Demikian rangkuman keterangan Direktur Eksekutif CITA Yustinus Prastowo, pengamat perpajakan Danny Darussalam Tax Center Darussalam, Menteri Keuangan Bambang Brodjonegoro, ekonom Bank Permata Josua Pardede, ekonom Kenta Institue Eric Sugandi, dan Sekretaris Dewan Pertimbangan Asosiasi Pengusaha Indonesia (Apindo) Chris Kanter. Mereka memberikan keterangan kepada Investor Daily secara terpisah di Jakarta.
“Realisasi penerimaan pajak tahun ini diperkirakan maksimal sekitar Rp 1.060 triliun, atau 82% dari target Rp 1.294,3 triliun pada APBN Perubahan 2015. Dari situ, secara alami pertumbuhan pajak tahun depan 10% (dari asumsi pertumbuhan ekonomi 5,3% plus inflasi 4,7%) ditambah extra effort seperti tax amnesty sekitar Rp 60 triliun,” kata Yustinus Prastowo kepada Investor Daily di Jakarta, Selasa (29/12).
Bambang Brodjonegoro mengakui, target penerimaan pajak yang realistis bukan Rp 1.360,1 triliun sebagaimana ditetapkan pada APBN 2016, namun lebih tinggi dari realisasi tahun ini yang diperkirakan sekitar Rp 1.100 triliun. Selain ditopang pertumbuhan ekonomi yang ditargetkan naik menjadi 5,3% tahun depan, ada tambahan penerimaan dari hasil kebijakan tax amnesty yang akan diberlakukan setelah RUU Pengampunan Pajak diundangkan awal 2016.
Ia juga menjelaskan bahwa realisasi penerimaan pajak per 25 Desember 2015 berhasil tembus Rp 1.000 triliun untuk pertama kalinya dalam sejarah Indonesia.
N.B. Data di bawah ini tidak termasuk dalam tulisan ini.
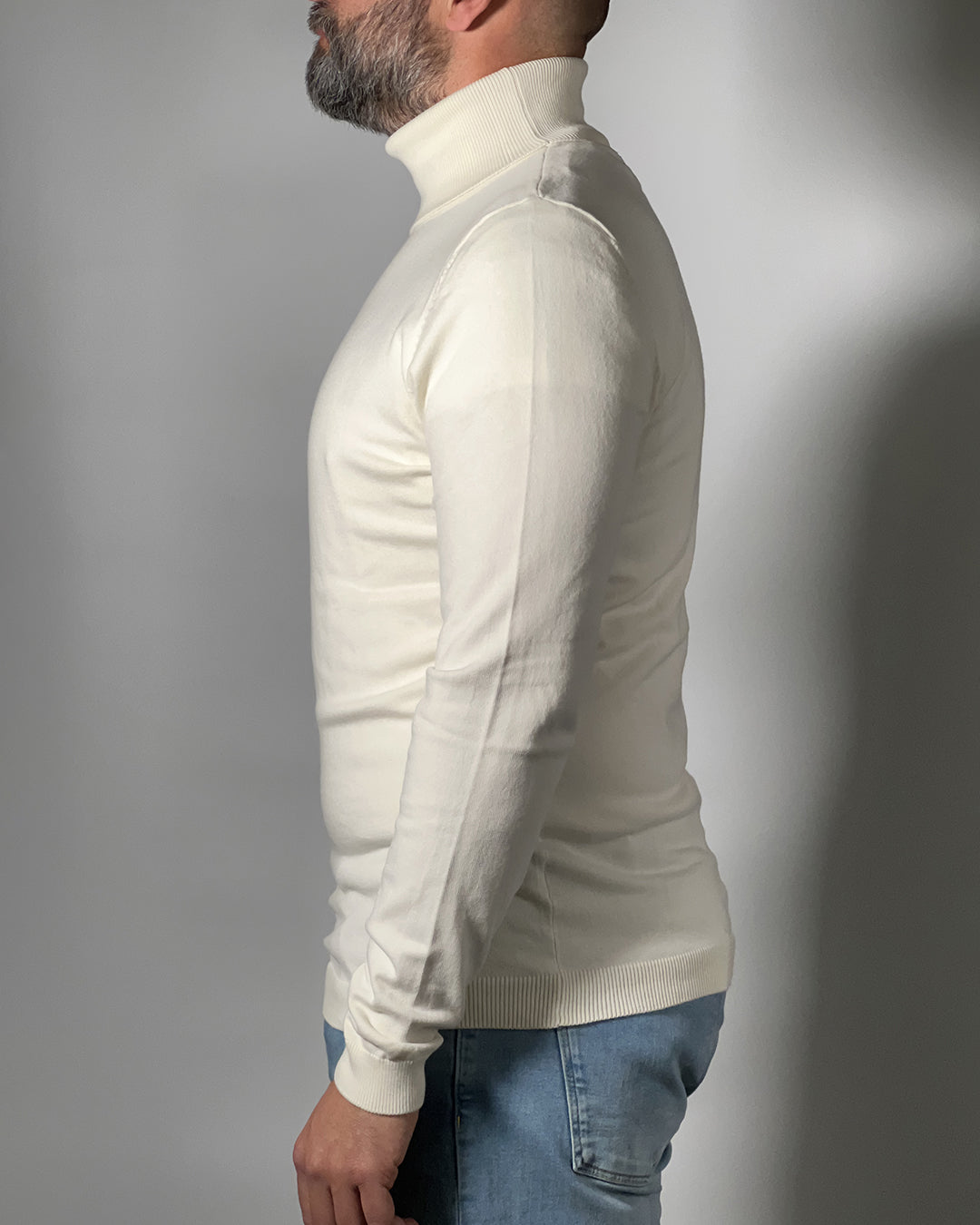 Maglione Dolcevita Uomo IN MY HOOD – Stile Elegante e Comfort Moderno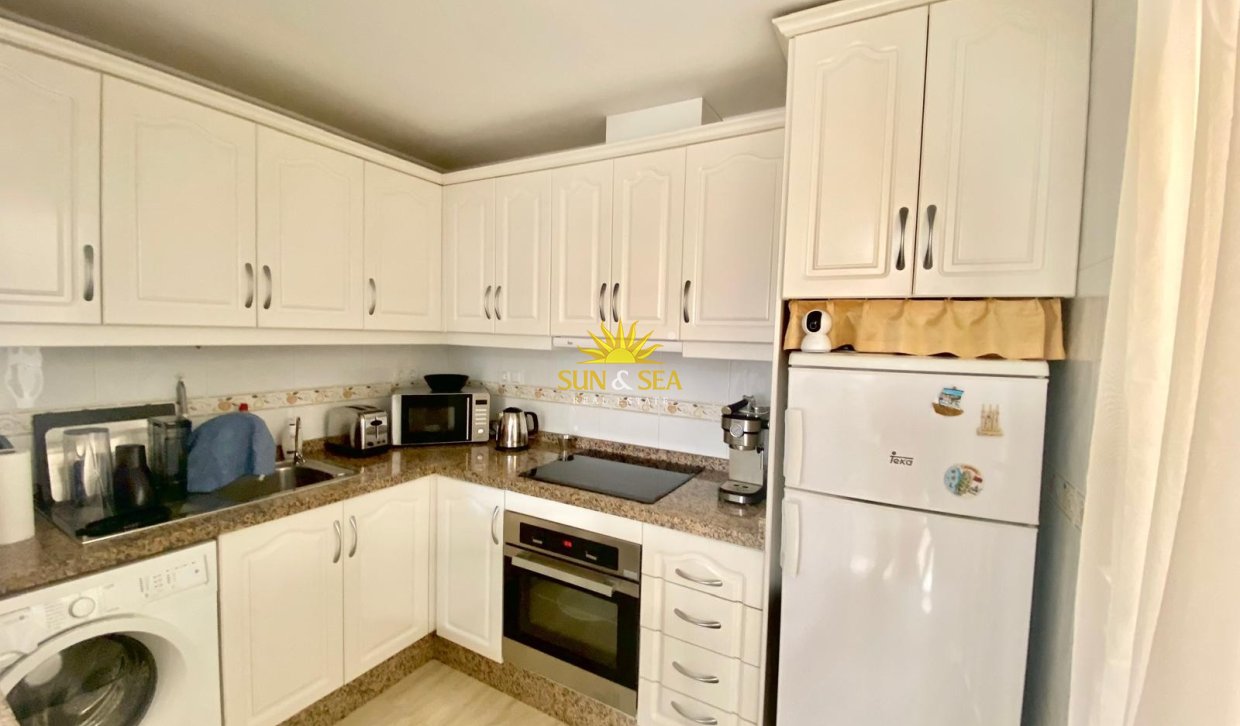 Reventa - Chalet adosado - Orihuela Costa - Villamartín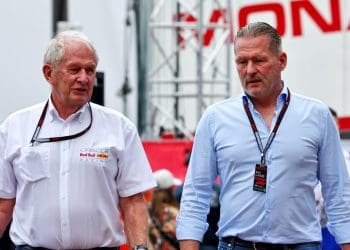 Jos Verstappen sugere que a Red Bull F1 deve começar a se concentrar na competição real.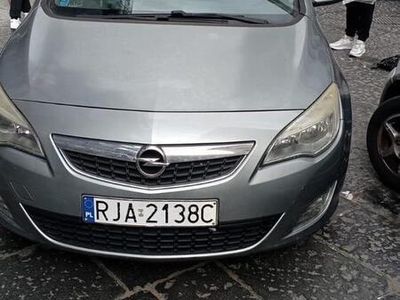 usata Opel Astra 1.7 2012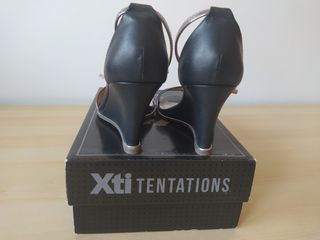 Sandalias Xti tacón alto 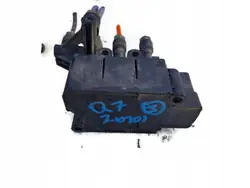 Audi Q7 4M Pneumatiikkajakeluventtiili OEM 4M0616013A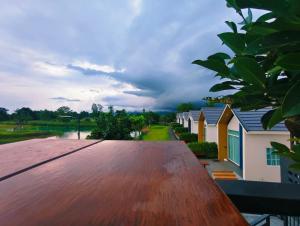 Hug Home Resort Wichianburi ฮักโฮม รีสอร์ท วิเชียรบุรี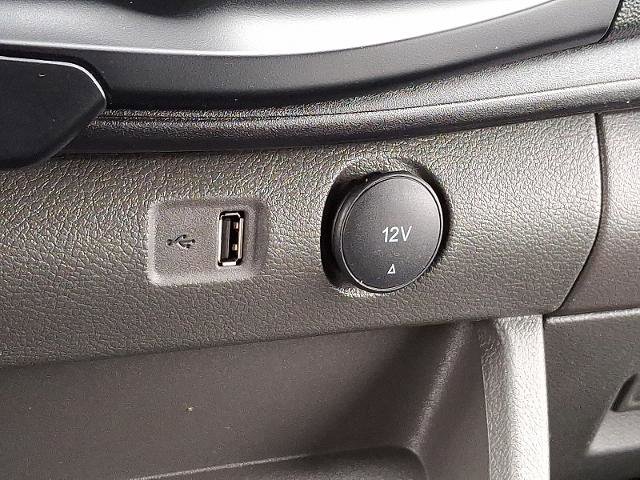 Certified 2024 Ford Transit 250 Low Roof w/ Exterior Upgrade Package image 22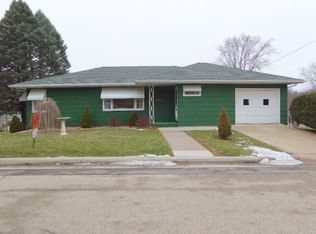 2335 Kevindale St, Dubuque, IA 52001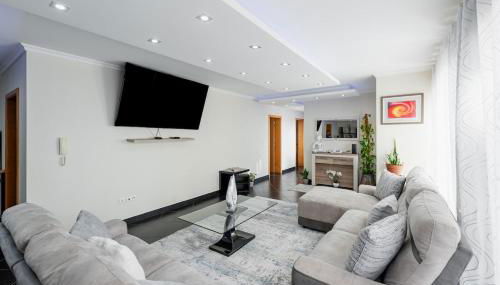 Cantinho do Céu, Views, Peace, Comfort & BBQ - Photo 4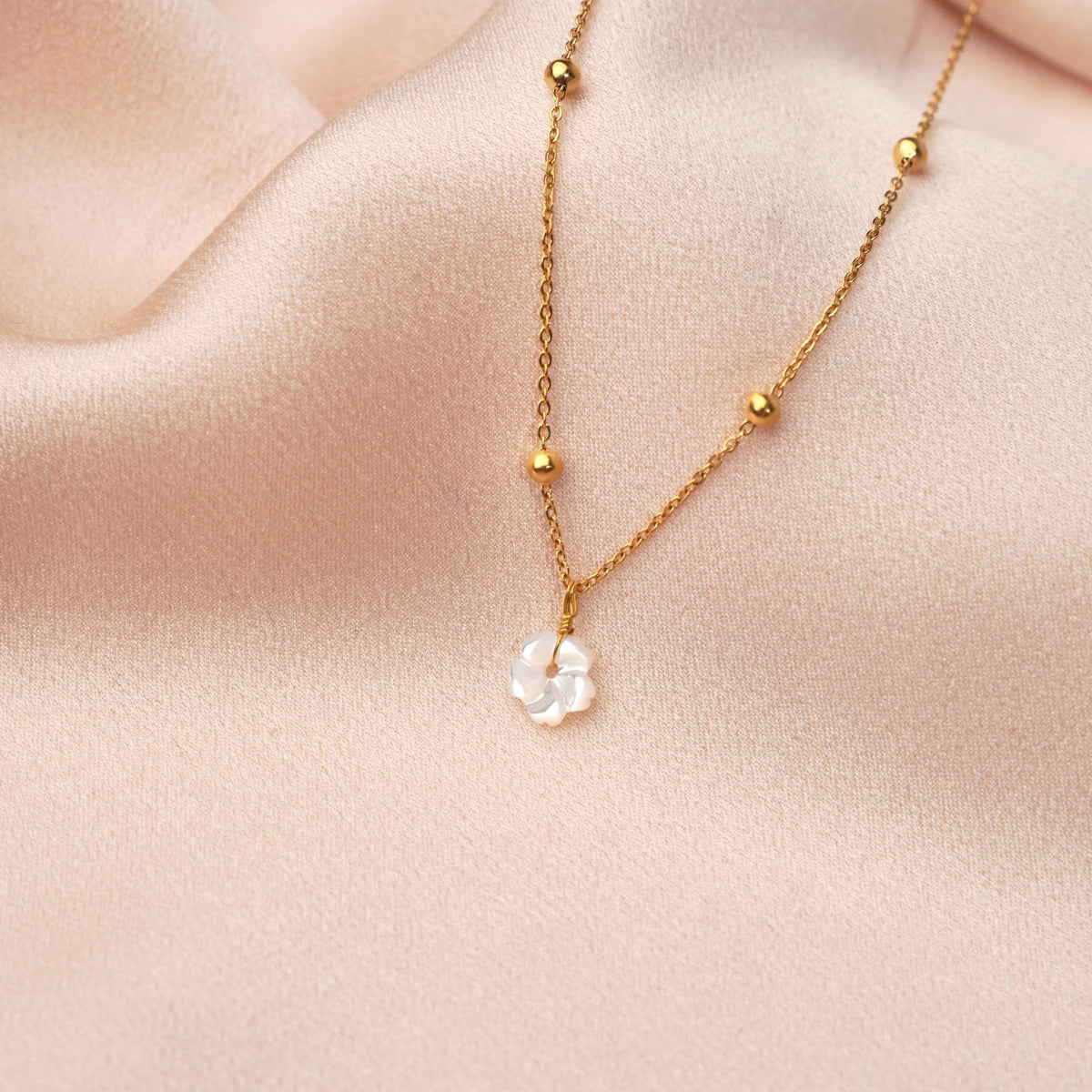 Collier pendentif fleur nacre Sybille photo 2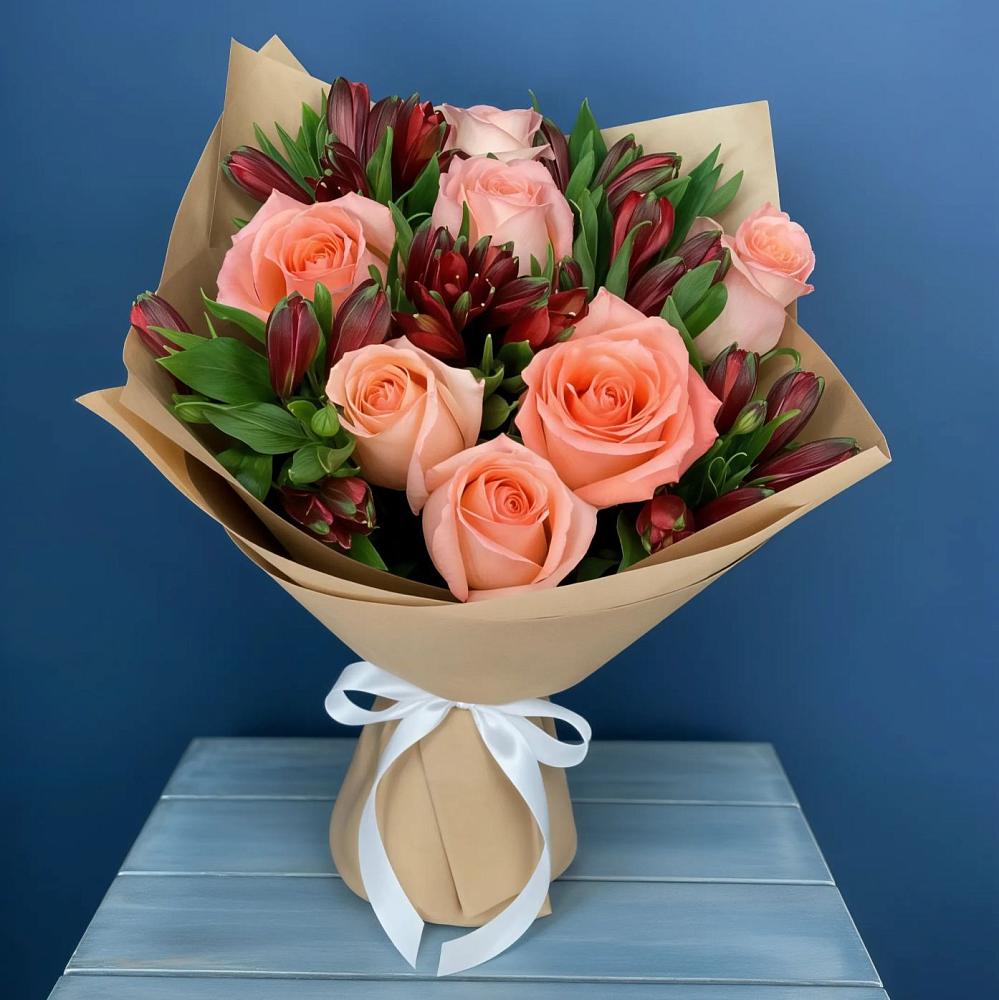 Букет цветов из: Розы и Альстромерии в Русском Камешкире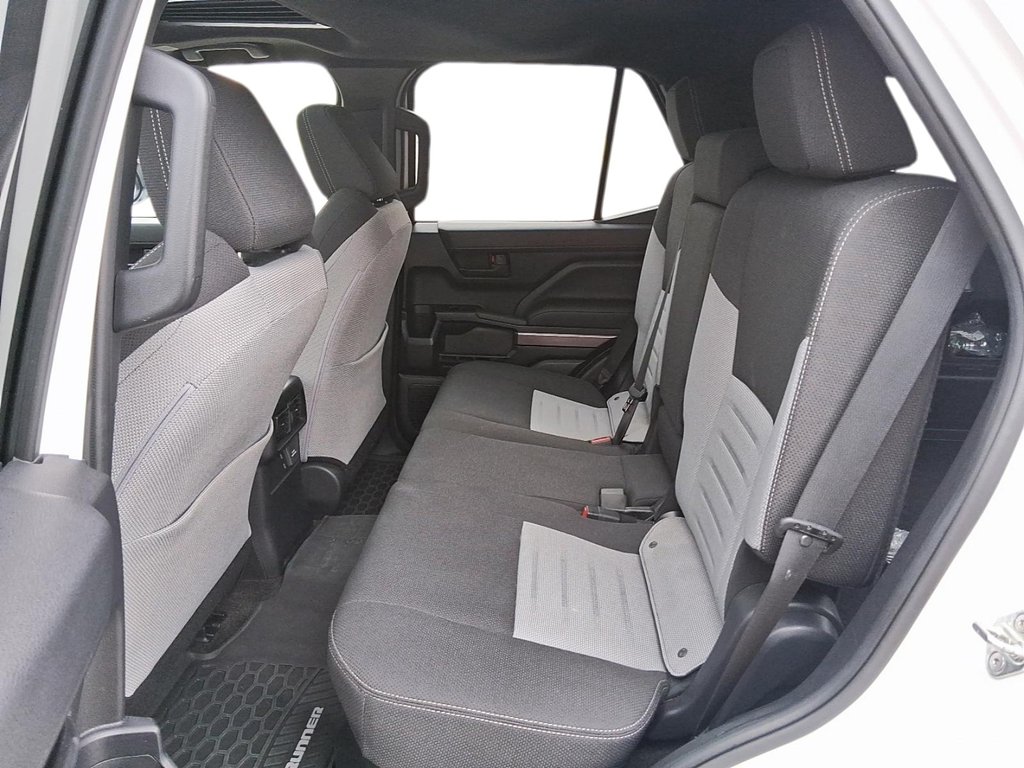 2025 Toyota 4Runner in Stratford, Ontario - 9 - w1024h768px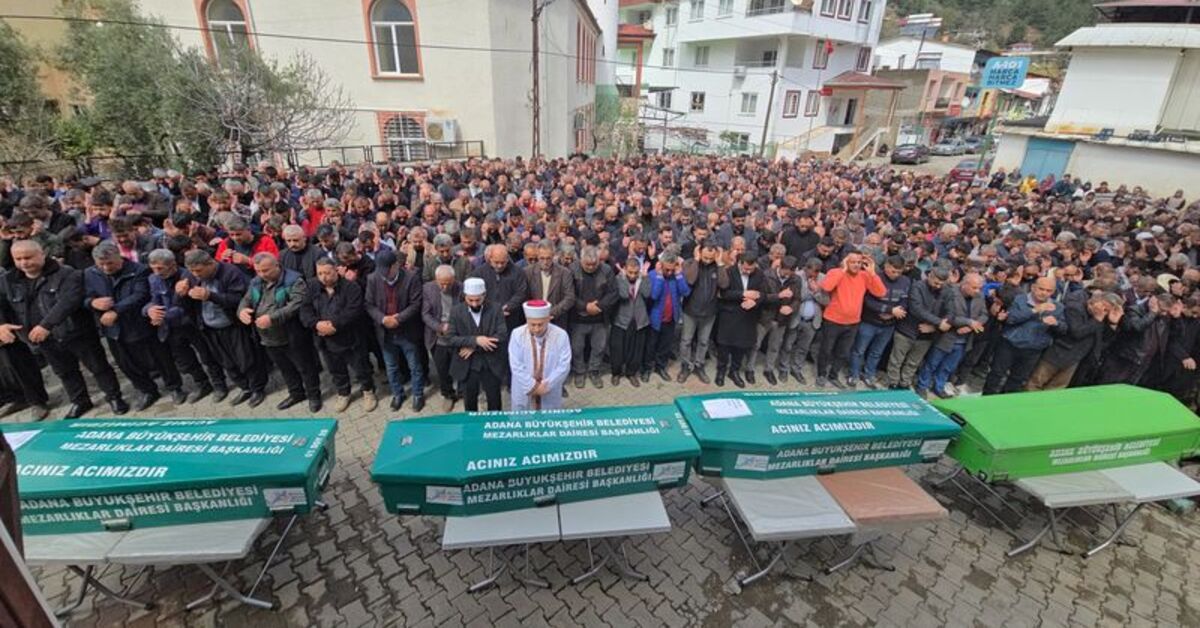 Bayram tatilinin en acı fotoğrafı! Bir anne ve 3 çocuk | SON DAKİKA HABERLER | Son dakika haberleri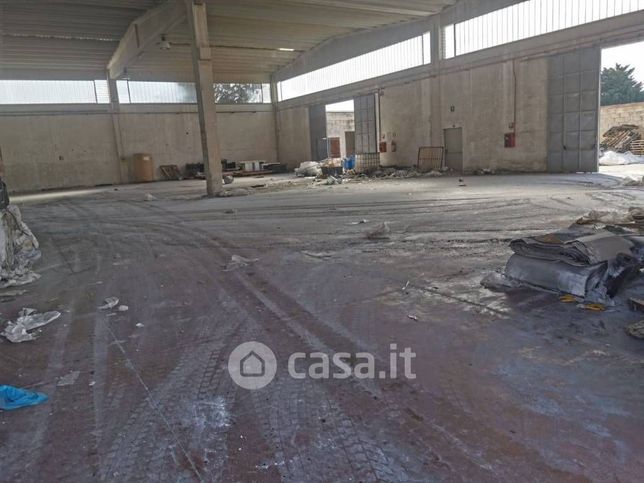 Capannone in commerciale in Via Riccardo Moretti 4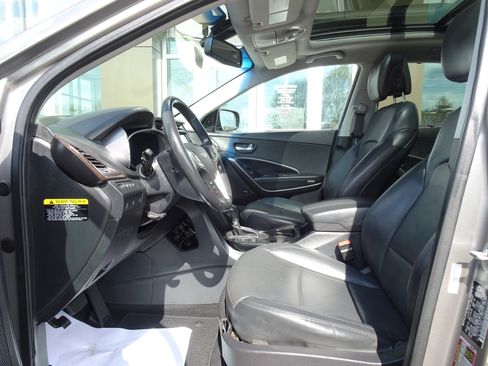 Used 2017 Hyundai Santa Fe Sport image 9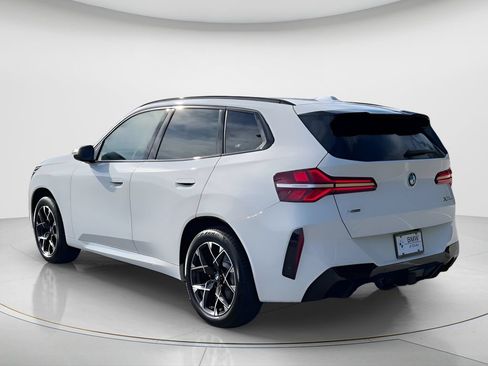 Certified 2026 BMW X3 xDrive30i w/ M Sport Package AWD/4WD image 6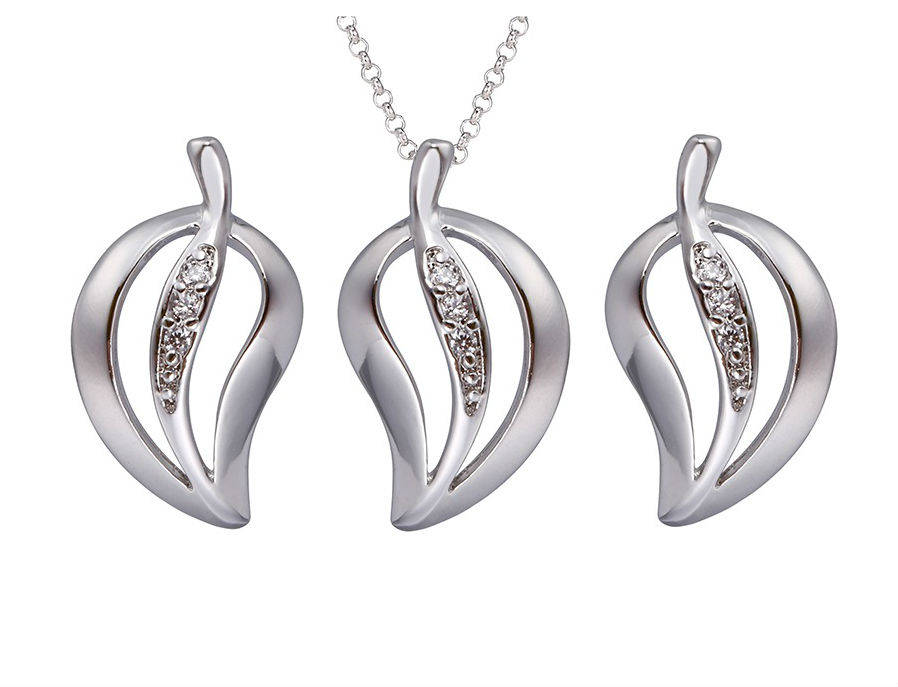 Silver Plated CZ Crystals Jewelry Set w/ Leaf Pendant & Earrings Silver Plated CZ Crystals Jewelry Set w/ Leaf Pendant & Earrings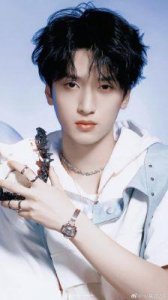 ​严浩翔的身高个人资料家境背景及感情状况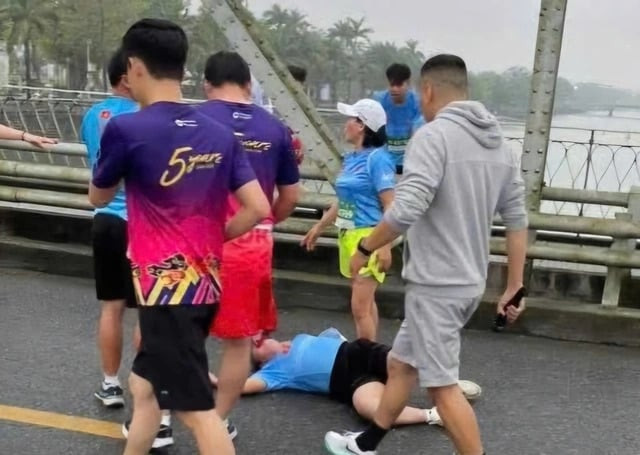 Đang chạy marathon người phụ nữ đột ngột ngừng tim - Ảnh Báo Tuổi trẻ và Pháp luật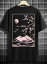 富士山、桜の枝、月、そして猛禽類が描かれた200gの黒いTシャツはゆったりとしたサイズ。富士山は日本..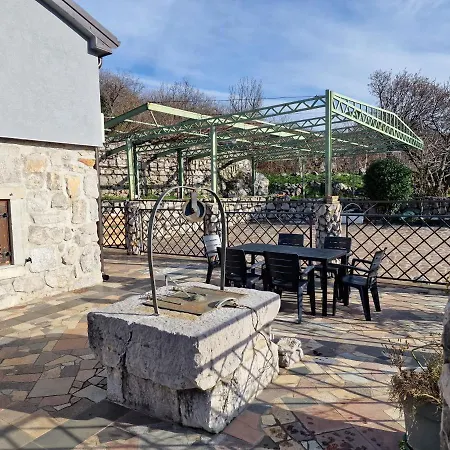 Apartment House Nirvana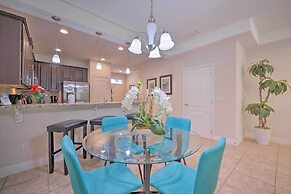 Near Golf & Shopping: Davenport Home w/ Yard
Menkeu optimistis, realisasi penerimaan pajak tahun ini akan mencapai sekitar Rp 1.100 triliun atau 85% dari target Rp 1.294,3 triliun pada APBN Perubahan (APBNP) 2015. Realisasi penerimaan pajak tersebut akan bertambah melalui upaya seperti mendorong revaluasi aset BUMN, perbankan, dan perusahaan properti; melakukan pendekatan khusus terhadap 50 wajib pajak (WP) besar, reinventing policy, dan mengoptimalkan pajak dari sektor migas.
Eric Sugandi optimistis, penerimaan pajak pada 2016 naik 10-20% dari realisasi tahun 2015. Ia memperkirakan pertumbuhan ekonomi Indonesia tahun depan 5,2%, lebih tinggi dari 4,7% tahun ini.
Darussalam menegaskan, target pajak pada APBN 2016 perlu segera direvisi pemerintah karena tidak realistis. Penerimaan pajak tahun depan tidak mungkin tumbuh terlalu tinggi sebesar 24% dari realisasi pajak 2015 yang diperkirakan Rp 1.100 triliun. “Jadi, alangkah bijaknya kalau target pajak 2016 direvisi sehingga lebih realistis. Pertumbuhan penerimaan pajak tahun depan hanya 10% atau dua kali proyeksi pertumbuhan ekonomi sekitar 5%,” kata Darussalam di Jakarta, Selasa (29/12).
Menurut dia, revisi target pajak tahun 2016 hendaknya memperhatikan lima faktor. Pertama, dalam 10 tahun terakhir, target pajak hanya tercapai pada 2008. Kedua, pertumbuhan pajak tahun 2014 hanya 6,9%. Ketiga, realisasi penerimaan pajak pada 2015 dipastikan meleset jauh dari target APBNP 2015. Keempat, kondisi ekonomi pada 2016 tidak berbeda jauh dengan 2015. Kelima, masih dipertanyakan apakah kondisi kelembagaan Direktorat Jenderal Pajak (DJP) Kementerian Keuangan telah bertransformasi menjadi lembaga yang semi-independen atau belum.